A blanket forgiveness of student debt is simply throwing money away and undercutting the millions who attend college for the right reasons, who pursue higher education intentionally, without the help of handouts. It undercuts one of the critical principles of a free economy – accountability.
I normally do not begin my articles with a video, but this is what immediately came to mind when I heard over the news that Biden and the Democrats were going to press for student debt forgiveness.
Blanket forgiveness of student debt is a bad idea.
But it is a serious problem, a problem not only caused by students, but by colleges and government. This is everybody’s problem, and everybody needs to be involved in fixing the problem.
But who is everybody? Stay tuned.
Being swamped in debt is a terrible experience. I have been personally fortunate in my life, but I have helped others who have had to face what seems as an impossible task.
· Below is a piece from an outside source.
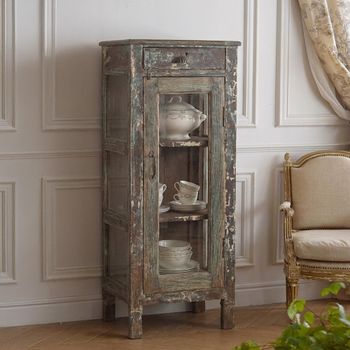 Unique One of a Kind - Distressed Vintage Brown Glass and Wood 1 Door 1 Drawer Display Cabinet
I hold to the philosophy that aside from your home mortgage, debt is not a good thing. I mean all debt. No credit card debt. No car loans. No loans on anything – period. Debt determines your life. That is a universal truth. It will direct the decisions you make. It will determine how much of your life you will devote to work. It will produce anxiety, depression and hopelessness.
It is interesting how the apostle Paul once said that “godliness with contentment is great gain.” The opposite of debt is contentment. People who have modest usage of credit cards with no debt are also people who have forgone the purchase of goods and services. They have made decisions to NOT buy things. But as the years progress, a funny thing happens. Their “contentment” translates to wealth. The home they live in may be modest, but it is paid for. The car they drive may be simple and old, but it is paid for. They are content in every way.
So we throw before eighteen year olds this philosophical quandary, discarding their instinctive wariness, making it appear that generating $50,000 in debt is a “what everybody does.” When I look at my life, the only time I borrowed $50,000 was to buy a house! The difference is that the house is always there. There is nothing but dreams, unrealistic expectations, and uncertainties awaiting college graduation. It is, in some respects, like lending someone to put money on a horse at the racetrack. It may be a good horse, but only one horse wins.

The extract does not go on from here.